|
Comparisons on the third anniversary since recession started As shown in the charts below, this business cycle is the only one since the 1930s to still be suffering a job loss after three years. The private sector has lost 2.5% of its jobs (2,792,000), U.S. manufacturing has lost 15.9% of its jobs (2,704,000), and even when incorporating the 3.1% gain in government jobs (657,000), the labor market on the whole has still lost 1.5% (2,135,000) of all jobs. In the prior three business cycles, instead of still being in the hole, the economy had actually generated 2.7% more jobs after three years. Not surprisingly, poor job creation has led to higher unemployment: a 1.4% rise from 4.2% in early 2001 to a 5.6% unemployment rate in early 2004 (first quarter). In and of itself, this 1.4% rise in unemployment over the last three years is as high as the increase in the first three years of the business cycles in the 1970s, 1980s, and 1990s. But when one accounts for the historically large drop in labor force participation over the last three years—that is, by incorporating the missing labor force (see charts below)—then the 3.1% rise in unemployment has been even larger in this downturn than in prior downturns (up 0.7%).

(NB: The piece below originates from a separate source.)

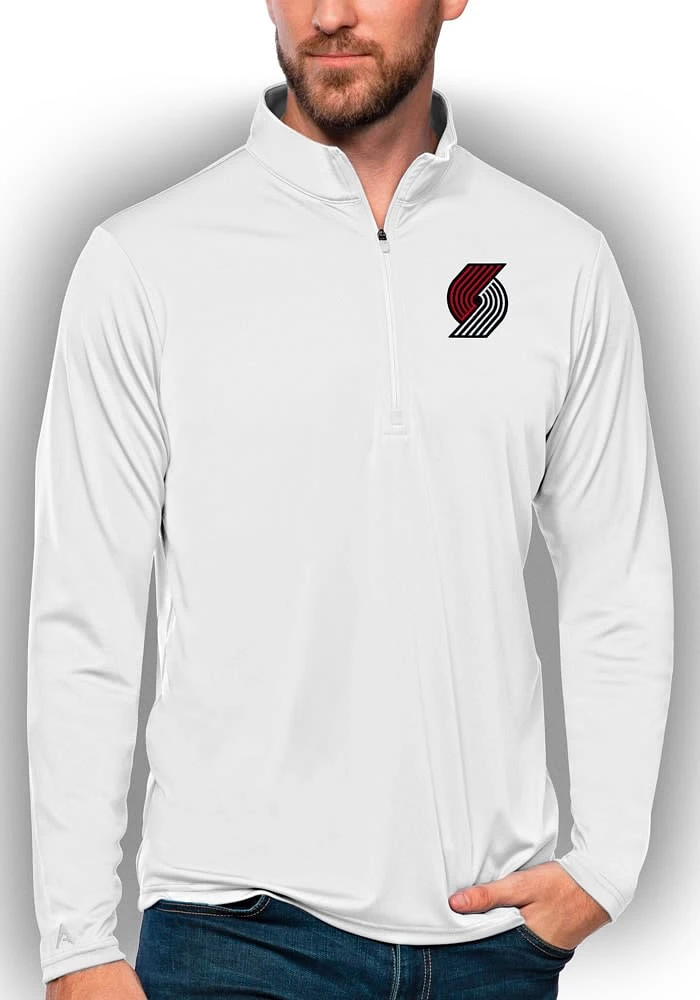 Antigua Portland Trail Blazers Mens White Tribute Long Sleeve Qtr Zip Pullover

One of the most remarkable aspects of the current downturn is that total wage and salary income (inflation adjusted) has not risen at all in the last three years. Moreover, the total wages and salaries generated by the private sector have actually fallen by 1.7%. Meanwhile, domestic profits grew by 57.5%. In other recent downturns total wages and profits grew in tandem, with total wage and salary income up by 3.7% over a comparable three-year period and domestic profits up by 12.6%. Productivity has grown far faster, increasing 13.6% so far in this cycle versus a 6.2% increase in the same period of the last three business cycles. This greater productivity growth, however, has not translated into faster hourly wage growth, which was only slightly faster in this period compared to other cycles (2.2% compared to a 1.3% decline). Bush Administration's tax cuts falling short in job creation
Since the official end of the recession in November 2001, total jobs have shrunk by 323,000 (an 0.2% contraction) and private-sector jobs have dropped by 560,000 (or 0.5%).